This is a subject that I can't avoid….Rioja and its various styles…I love it! I've had a few comments saying that I've been unfair to classic Rioja and perhaps I have. Some have said that long barrel aging does not kill fruit flavors, but enhances them…this I have to disagree with. Classic Riojas are not fruit-driven wines…they have many characteristics that make them attractive but the fruit is often oxidized and faded. The bottom line for me is that I appreciate all the various styles that Rioja has to offer today, but I think it is a disservice to the consumer that you have no idea of what style you might get…especially at the reserva level….maybe style should be indicated on the label. I think having so many styles that are not indicated on the label is also a disservice to Rioja as well…it's hard to project a coherent wine image.
I digress! This tasting was very interesting---it was labeled Classic vs modern Rioja, and it was for a group of 15 Spanish folks. We discussed Rioja characteristics and then tasted five wines blind. The first set was two crianzas, one that was modern in style and one that was classic. The Luis Crianza Crianza was a simple, fruit forward wine (12 months in oak)…the Campillo Crianza was a much more wood driven wine (20 months in older oak), with an attractive but delicate cherry fruit. Overall the Campillo was more complex, a little more expensive, but the Luis Cañas won the group over for being an attractive, easy drinking red.

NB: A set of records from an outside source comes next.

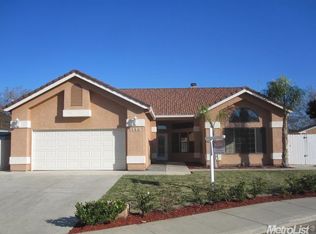 1890 Heather Ct, Tracy, CA 95377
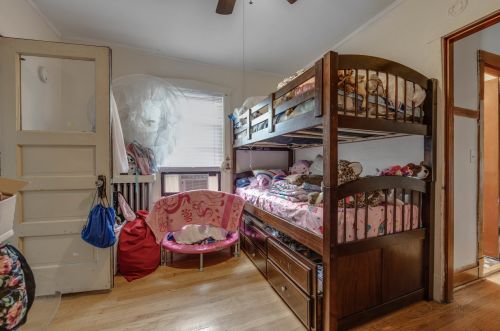 5117 Barry Ave, Chicago IL 60634-4966 exterior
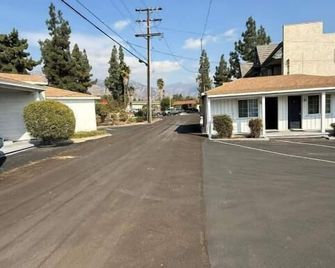 El Rancho Motel, Pasadena - Pasadena - Outdoors view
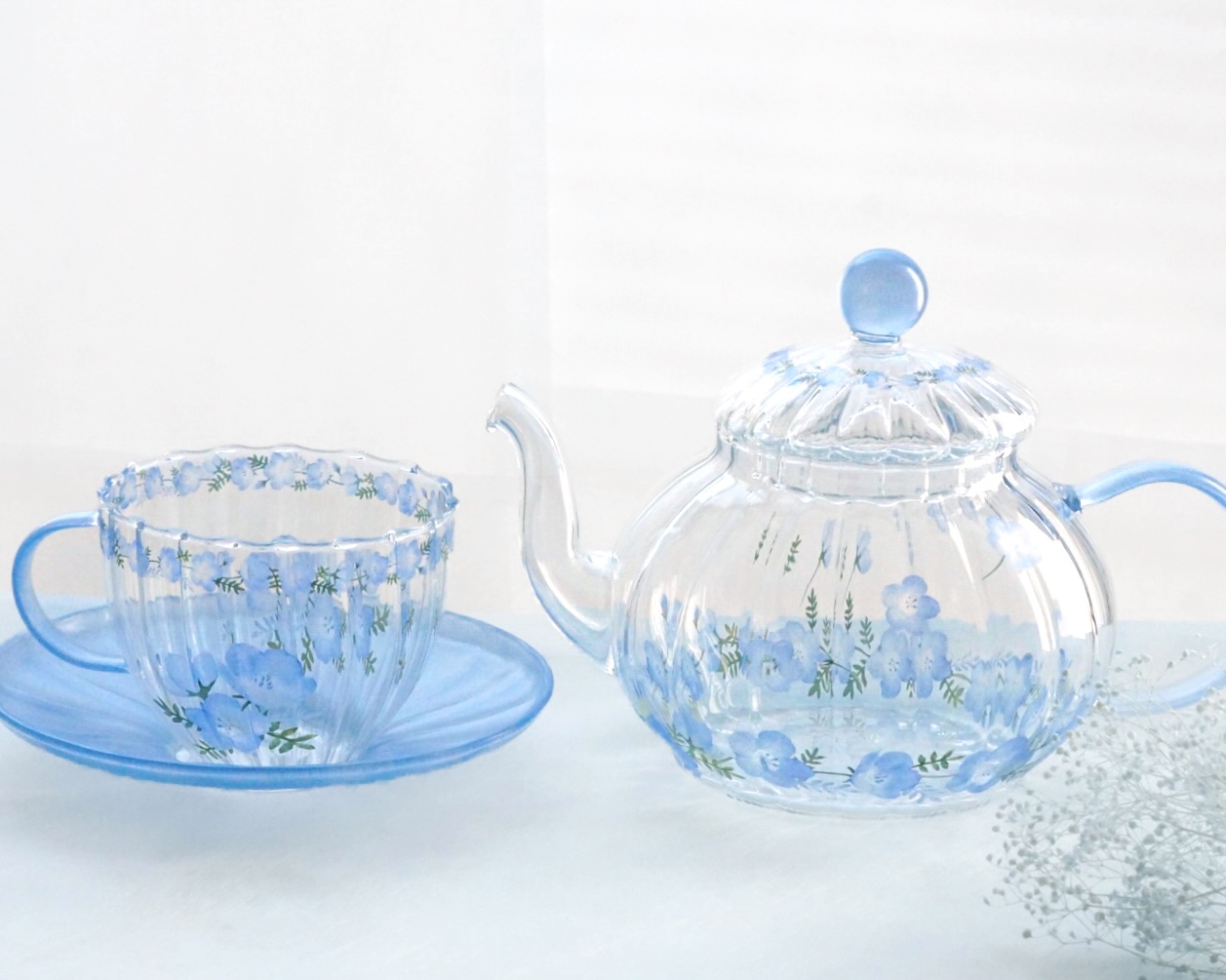 ネモフィラが舞うお花畑〜耐熱ガラスのティーセット〜新作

The three reservas were a lot more divergent in their styles. But it was also a trickier exercise with three wine served blind. I picked a modern style wine, a classic style wine and what I call hybrid Rioja…a wine that tries to take the best of both. The wines were very characteristic of their styles, going from the classic with low alcohol, high acidity, oak driven through the hybrid to the modern with high alcohol, lower acidity, fruit driven.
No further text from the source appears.